Criteria: The Federal audit clearinghouse requires that indendent audits be completed and uploaded to their database no later than 9 months after the fiscal year-end. Condition: DSCEJ did not engage an independent auditor on a timely basis. The independent auditor was not engaged until after the 9 month deadline had expired. Cause: We were unable to determine the casue for this condition. Effect: Delinquent filing of DSCEJ's indpendent audit represents noncompliance with the federal guidelines. Recommendation: We recommend that DSCEJ engage its independent auditor on a timely basis. Management's Response: See management's corrective action plan on page 28.

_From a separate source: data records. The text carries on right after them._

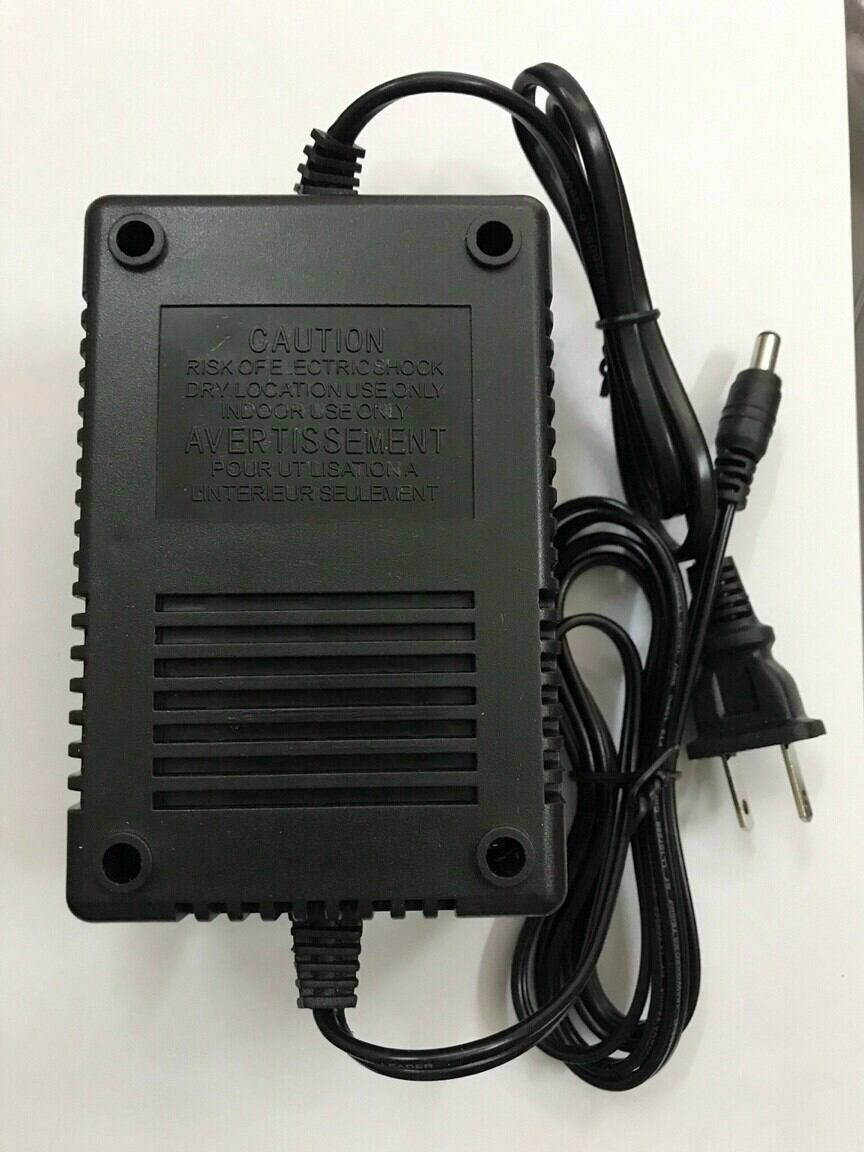 Nguồn 24V3.5A cho camera PTZ , Speedome , Adapter 24V3.5 AC cho camera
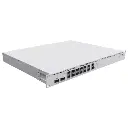 MikroTik Cloud Core 12 Port SFP28 2 QSFP28 16 Core Router | CCR2216-1G-12XS-2XQ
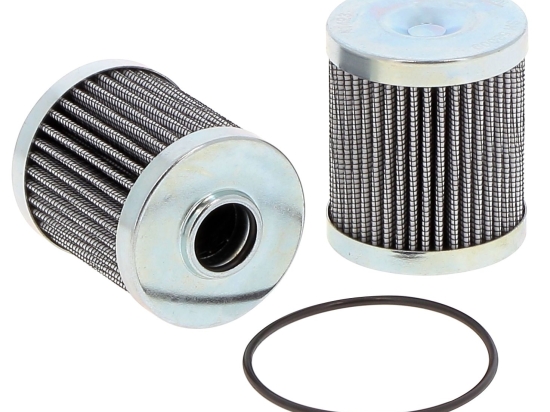 Filtr hydrauliczny sterowania dla NOKKA 6 WD PROFI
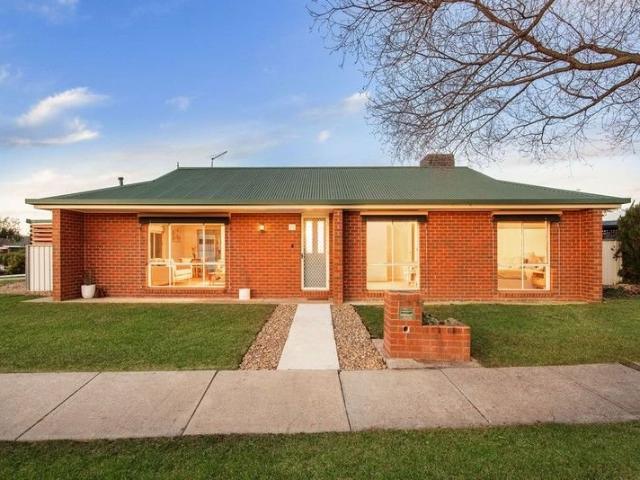 House for rent in West Wodonga, City of Wodonga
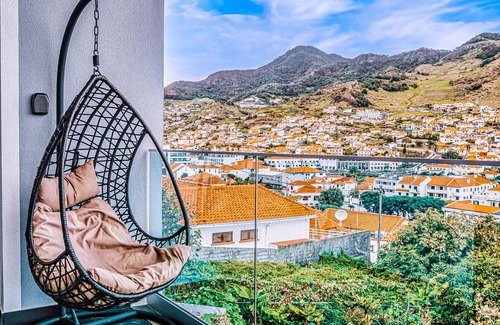 Machico Appartement | Rose House by Atlantic Holiday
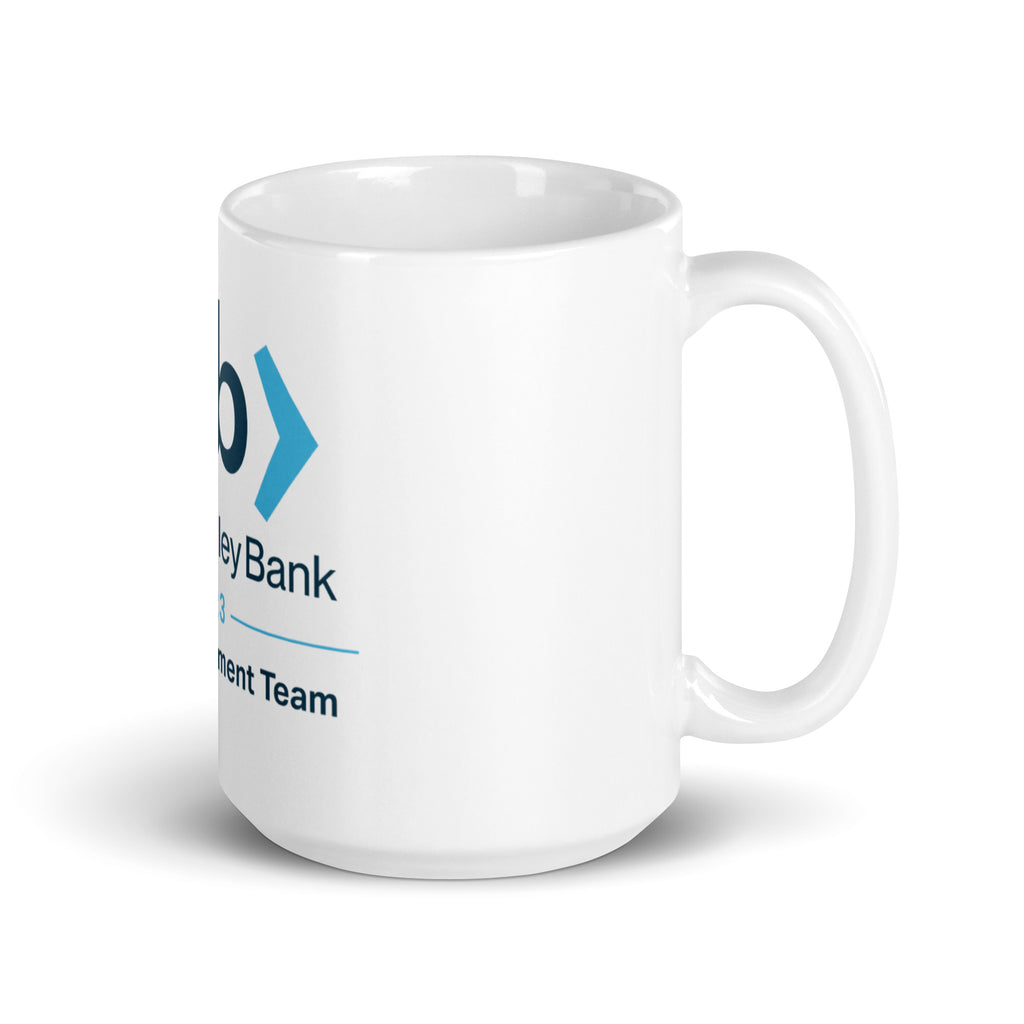 SVB Risk Mug - insiderclo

Questioned Costs: $94,732 Criteria: The grant agreement and generally accepted accounting principles (GAAP) require expenses to be recorded in the period in which goods or services are received to ensure accurate and timely financail reporting. Condition: During testing of disbursements charged to the 93.142 Hazardous Waste Worker Health and Safety Training grant, we identified expenses for services rendered in October through December 2022 that were not recorded in the general ledger until 2023. Although the service dates fell within the grant’s approved period of performance (June 1, 2022 – May 31, 2023), the expenses were recognized in the subsequent fiscal year. Cause: While the organization has established procedures and a written manual for closing the books, these procedures were not consistently followed for the invoices noted above. Effect: Expenses incurred during the 2022 calendar year were recorded in 2023, which may impact the accuracy of grant financial reports and budget-to-actual comparisons. While the costs remain allowable under the grant, late recognition may misstate grant expenditures by fiscal period and hinder effective monitoring. Additionally, the total expenditures on the Schedule of Expenditures of Federal Awards were overstated, causing the need for an adjustment. Recommendation: We recommend the entity reinforce its existing month-end and year-end close procedures with accounting staff to ensure all expenses are consistently recorded in the correct accounting period. A secondary review of invoices near period-end could help strengthen adherence to the current policies. Management's Response: See management's corrective action plan on page 28.